Human beings persist in an extraordinary range of ecological settings, in the process exhibiting enormous behavioural diversity, both within and between populations. People vary in their social, mating and parental behaviour and have diverse and elaborate beliefs, traditions, norms and institutions. The aim of this theme issue is to ask whether, and how, evolutionary theory can help us to understand this diversity. In this introductory article, we provide a background to the debate surrounding how best to understand behavioural diversity using evolutionary models of human behaviour. In particular, we examine how diversity has been viewed by the main subdisciplines within the human evolutionary behavioural sciences, focusing in particular on the human behavioural ecology, evolutionary psychology and cultural evolution approaches. In addition to differences in focus and methodology, these subdisciplines have traditionally varied in the emphasis placed on human universals, ecological factors and socially learned behaviour, and on how they have addressed the issue of genetic variation. We reaffirm that evolutionary theory provides an essential framework for understanding behavioural diversity within and between human populations, but argue that greater integration between the subfields is critical to developing a satisfactory understanding of diversity.
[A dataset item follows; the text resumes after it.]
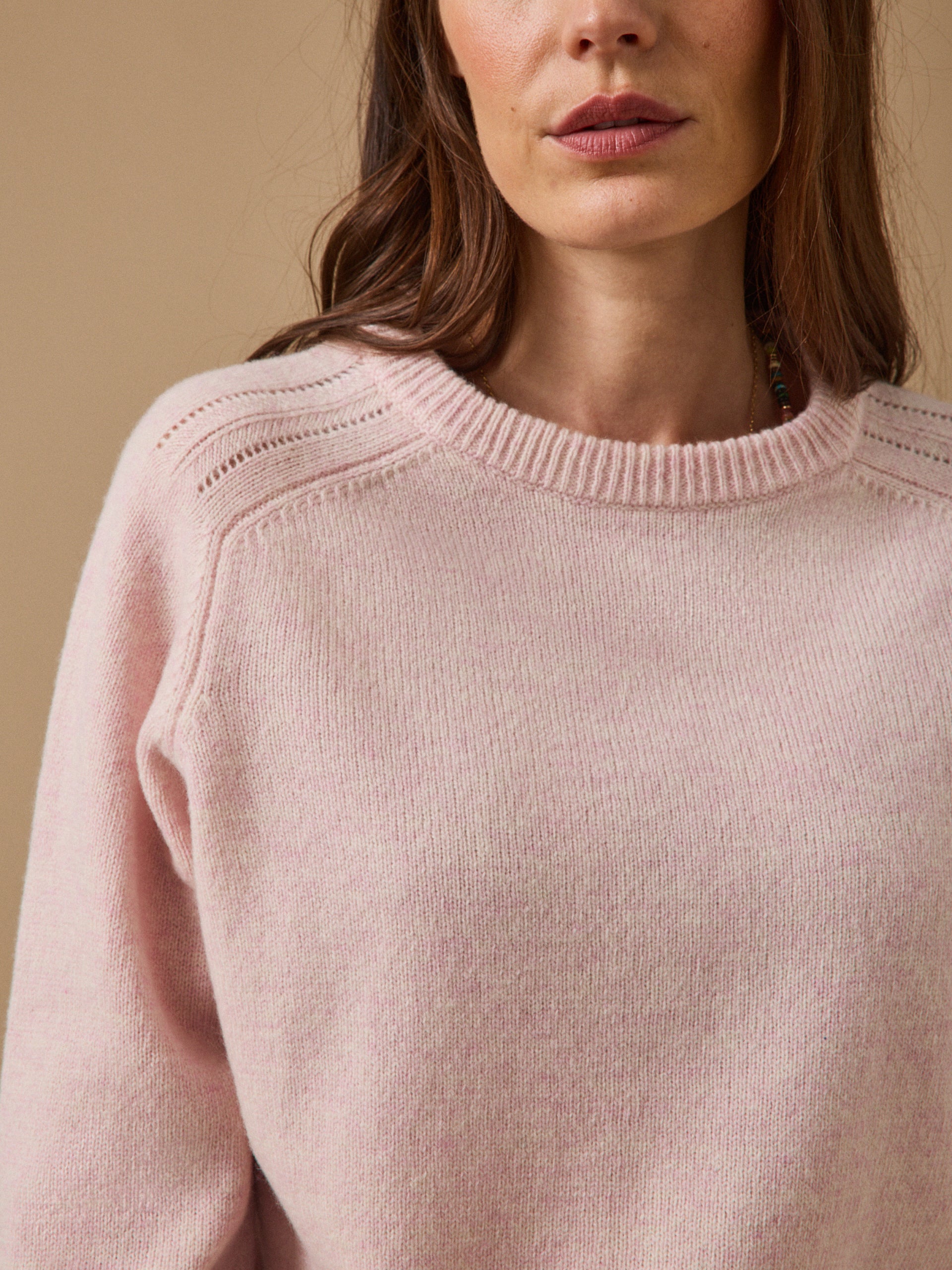 Damenpullover mit rundem Halsausschnitt aus RWS*-Merinowolle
The article that looks most interesting to me is a paper by W. Tecmuseh Fitch called "Unity and diversity in human language":
Human language is both highly diverse—different languages have different ways of achieving the same functional goals—and easily learnable. Any language allows its users to express virtually any thought they can conceptualize. These traits render human language unique in the biological world. Understanding the biological basis of language is thus both extremely challenging and fundamentally interesting. I review the literature on linguistic diversity and language universals, suggesting that an adequate notion of ‘formal universals’ provides a promising way to understand the facts of language acquisition, offering order in the face of the diversity of human languages. Formal universals are cross-linguistic generalizations, often of an abstract or implicational nature. They derive from cognitive capacities to perceive and process particular types of structures and biological constraints upon integration of the multiple systems involved in language. Such formal universals can be understood on the model of a general solution to a set of differential equations; each language is one particular solution. An explicit formal conception of human language that embraces both considerable diversity and underlying biological unity is possible, and fully compatible with modern evolutionary theory.